■ **Work request**:
The lines to output run from the first line of the entries below through the line containing "Pedrollo ES F32/160A"; copy them exactly and leave out pictures.
Dataset records below:
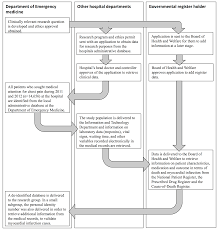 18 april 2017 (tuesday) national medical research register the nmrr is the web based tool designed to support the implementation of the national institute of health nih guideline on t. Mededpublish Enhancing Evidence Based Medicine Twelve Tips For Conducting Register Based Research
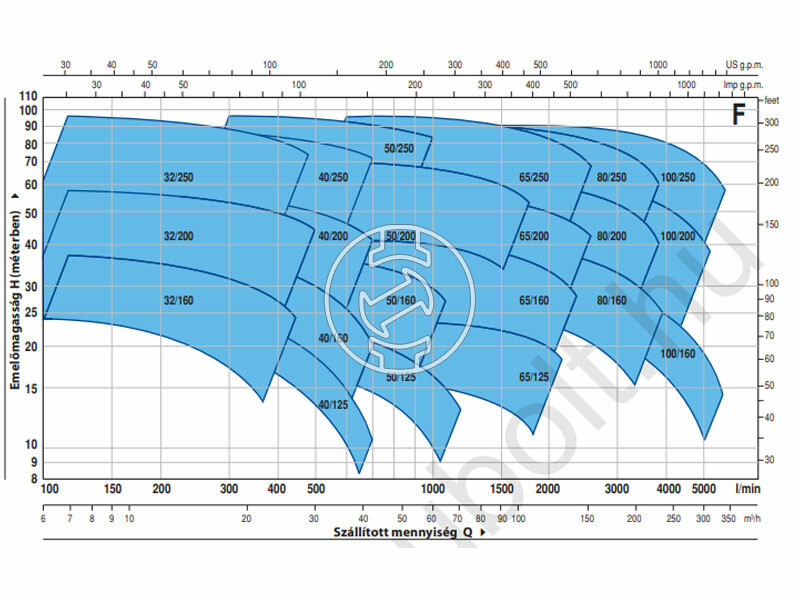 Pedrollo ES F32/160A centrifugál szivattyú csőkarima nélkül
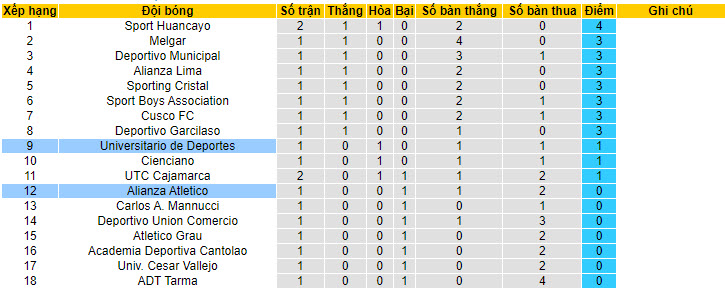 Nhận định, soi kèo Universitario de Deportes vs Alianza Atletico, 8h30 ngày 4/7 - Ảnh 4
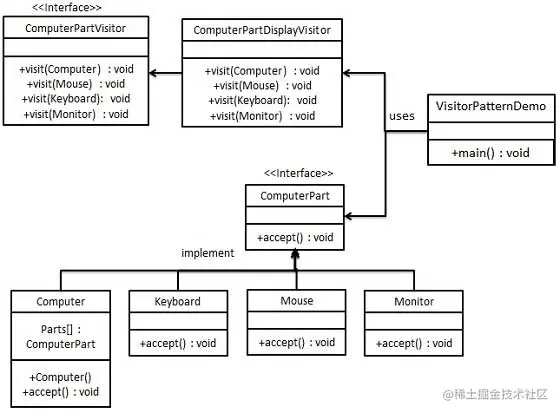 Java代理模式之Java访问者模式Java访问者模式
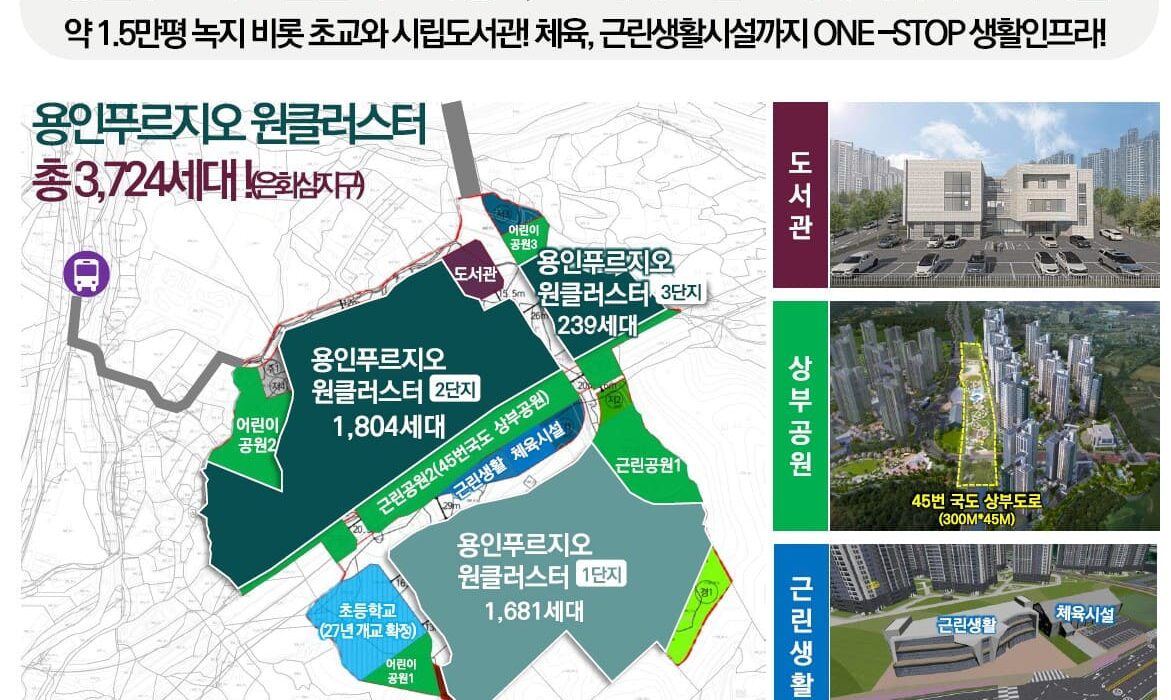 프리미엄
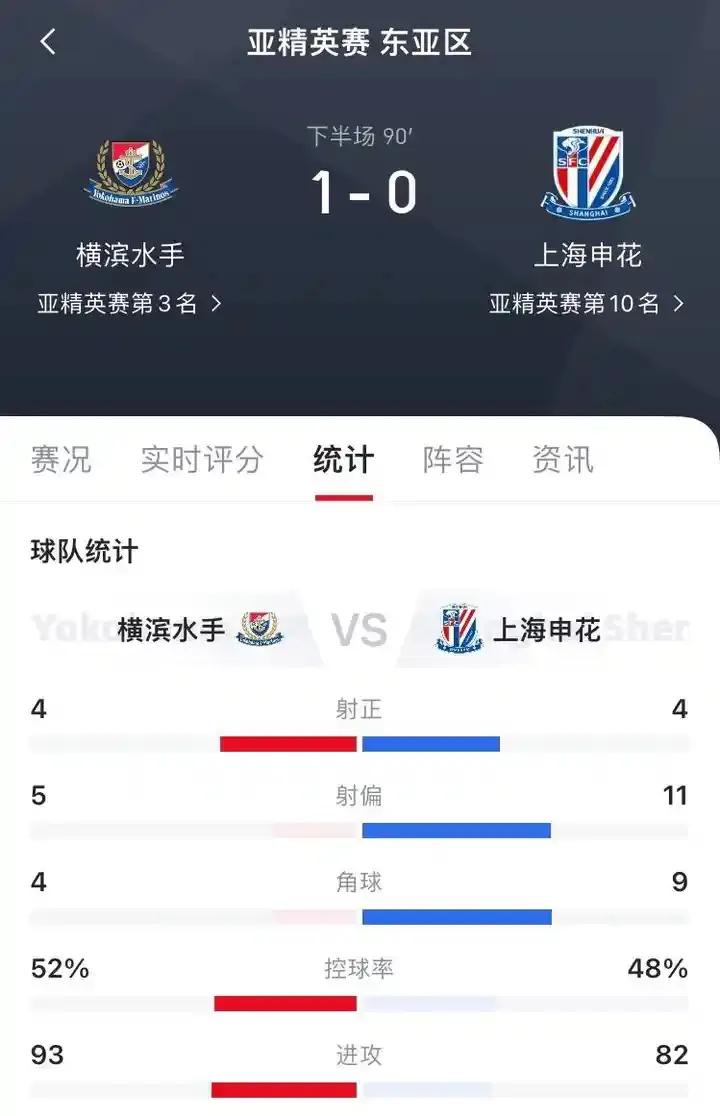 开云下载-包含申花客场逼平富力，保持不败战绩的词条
End of Dataset records.
■ **Expected answer**:
 18 april 2017 (tuesday) national medical research register the nmrr is the web based tool designed to support the implementation of the national institute of health nih guideline on t. Mededpublish Enhancing Evidence Based Medicine Twelve Tips For Conducting Register Based Research
 Pedrollo ES F32/160A centrifugál szivattyú csőkarima nélkül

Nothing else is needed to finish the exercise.